Components of effective crisis leadership

Here are six components of effective crisis leadership:

  1. Early recognition This is why crises, which are slow moving, are the most difficult to recognise before they affect the organisation. If a crisis is fast moving, the leadership may not sense the extent to which that the crisis disrupts normal operations until after it has started. You can facilitate an excellent leadership style by practicing earlier recognition. Research world events to see if they will begin to affect the organisation. If you pick up on customer attitudes, it will help you become aware before it hits. Once you pick up the possibility, you can act with crisis managers to damper the effects on the organisation.
  2. Bounded optimism Bounded optimism adopts an optimistic orientation, but acknowledges the consequences of a crisis for the community. This allows the leaders to comfort employees and customers, but also be sensitive to how the crisis impacts their lives. But we are certain this community will overcome.’
  3. Transparent communication Transparency can reduce the anxiety of your customers and employees during a crisis and can protect your reputation. You might want to start your communication map with a public statement that acknowledges the impact of the crisis (‘We recognise how this crisis has affected our community’) and establishes the company’s goals for overcoming it (‘We will do all that we can …’). If you know how you’re going to respond now, provide as much detail as you can (‘We will …’). But if you don’t know, say so. Promise to do more research to find the answers to the important questions and reassure the public that you are not simply responding on the fly. As the crisis evolves, keep the public regularly informed about what steps the organisation is taking and the results, so as to keep the organisation accountable and incentivise its leaders to adjust their response plans when it is called for. Use the channels to deliver your updates that make sense to the target audience even during the crisis. For example, through social media you can reach the biggest number of users and also have them engage with you.

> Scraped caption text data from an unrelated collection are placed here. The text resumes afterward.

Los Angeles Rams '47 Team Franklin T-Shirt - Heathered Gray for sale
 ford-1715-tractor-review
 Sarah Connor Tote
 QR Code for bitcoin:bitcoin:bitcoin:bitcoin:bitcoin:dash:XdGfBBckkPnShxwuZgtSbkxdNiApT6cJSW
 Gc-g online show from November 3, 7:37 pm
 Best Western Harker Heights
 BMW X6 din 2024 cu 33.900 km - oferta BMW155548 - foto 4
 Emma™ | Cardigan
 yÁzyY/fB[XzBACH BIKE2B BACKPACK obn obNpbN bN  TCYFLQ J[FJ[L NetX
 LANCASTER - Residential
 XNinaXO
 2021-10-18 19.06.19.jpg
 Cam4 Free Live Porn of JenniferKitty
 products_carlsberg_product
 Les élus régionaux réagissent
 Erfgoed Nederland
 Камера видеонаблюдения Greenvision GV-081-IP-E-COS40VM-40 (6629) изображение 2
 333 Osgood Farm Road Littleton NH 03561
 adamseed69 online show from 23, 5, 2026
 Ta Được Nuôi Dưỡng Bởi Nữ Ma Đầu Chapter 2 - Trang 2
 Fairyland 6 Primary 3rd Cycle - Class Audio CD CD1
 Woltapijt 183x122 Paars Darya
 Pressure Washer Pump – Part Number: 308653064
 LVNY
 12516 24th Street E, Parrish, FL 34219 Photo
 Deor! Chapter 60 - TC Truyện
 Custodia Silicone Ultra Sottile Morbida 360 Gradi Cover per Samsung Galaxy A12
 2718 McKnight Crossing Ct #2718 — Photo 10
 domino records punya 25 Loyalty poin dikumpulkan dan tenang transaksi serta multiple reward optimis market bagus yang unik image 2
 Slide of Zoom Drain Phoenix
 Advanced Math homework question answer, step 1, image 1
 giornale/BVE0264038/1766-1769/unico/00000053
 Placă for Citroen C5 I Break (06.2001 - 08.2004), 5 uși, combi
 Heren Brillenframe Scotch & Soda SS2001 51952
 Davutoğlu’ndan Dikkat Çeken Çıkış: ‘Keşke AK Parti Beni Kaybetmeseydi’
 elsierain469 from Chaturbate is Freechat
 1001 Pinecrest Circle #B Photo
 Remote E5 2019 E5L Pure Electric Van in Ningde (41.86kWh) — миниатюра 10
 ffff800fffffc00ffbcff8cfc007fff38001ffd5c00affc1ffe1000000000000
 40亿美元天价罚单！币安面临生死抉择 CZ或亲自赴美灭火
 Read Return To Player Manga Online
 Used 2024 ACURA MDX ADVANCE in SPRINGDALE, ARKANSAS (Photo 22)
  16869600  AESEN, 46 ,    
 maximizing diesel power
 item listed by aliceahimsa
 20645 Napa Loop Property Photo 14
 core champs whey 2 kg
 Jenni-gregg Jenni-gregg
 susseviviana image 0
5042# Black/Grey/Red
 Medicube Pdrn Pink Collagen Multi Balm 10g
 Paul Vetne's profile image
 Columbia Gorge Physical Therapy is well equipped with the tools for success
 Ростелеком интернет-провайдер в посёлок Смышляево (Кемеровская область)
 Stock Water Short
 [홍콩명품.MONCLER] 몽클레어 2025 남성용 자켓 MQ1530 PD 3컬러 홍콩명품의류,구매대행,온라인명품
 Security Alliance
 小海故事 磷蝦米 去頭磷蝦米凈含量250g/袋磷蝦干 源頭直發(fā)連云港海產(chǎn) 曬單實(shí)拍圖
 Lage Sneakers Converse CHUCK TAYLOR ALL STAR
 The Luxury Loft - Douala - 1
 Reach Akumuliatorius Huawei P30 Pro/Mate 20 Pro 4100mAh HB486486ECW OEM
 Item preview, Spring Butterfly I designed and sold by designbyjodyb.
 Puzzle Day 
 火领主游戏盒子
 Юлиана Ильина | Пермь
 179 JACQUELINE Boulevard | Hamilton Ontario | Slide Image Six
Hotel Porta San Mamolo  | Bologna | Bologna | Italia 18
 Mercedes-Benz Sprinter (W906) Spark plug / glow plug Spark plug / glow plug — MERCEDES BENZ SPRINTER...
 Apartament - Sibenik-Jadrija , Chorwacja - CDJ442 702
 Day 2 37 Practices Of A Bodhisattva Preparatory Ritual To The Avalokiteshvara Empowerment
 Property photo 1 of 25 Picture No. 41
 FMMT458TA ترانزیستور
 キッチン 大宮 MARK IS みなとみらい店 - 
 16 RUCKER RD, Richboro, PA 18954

  4. Establishment of priorities As you make decisions as a crisis leader, keep in mind your organisation’s priorities. Most leaders will prioritise customers and employees before everything else. Every decision is designed to protect life. For example, a retail chain might lose money closing stores during an outbreak of disease, but doing so will protect public health. Secondary priorities have to do with upholding values. An organisation can have many values – ‘innovation’, ‘excellent customer service,’ ‘commitment to the environment’ are all common. And after you’ve made the situation safe, you can start to improve things in terms of your general values. Take the business example above, where a company shuts its stores during a disease outbreak. During that time, it could industrialise its website so it’s a better place to shop online. If it was committed to customer service, it would come up with new ways of providing that value to shoppers during the crisis.
  5. Willingness to seek additional support Even if you’re the type of leader who feels like the worst thing you can do is give up power during a crisis, getting more support is often a good idea. You can ask other stakeholders to take parts of the responsibilities. You can ask customers and employees for feedback to tailor the response to their expectations.
  6. Adaptability Therefore, good crisis leaders are fluid because they can modify their response plans on the fly. They could tweak a current procedure to reflect new research, or modify an existing policy. Adaptability also involves assessing whether the situation is working – and tweaking your approach based on what did and didn’t work.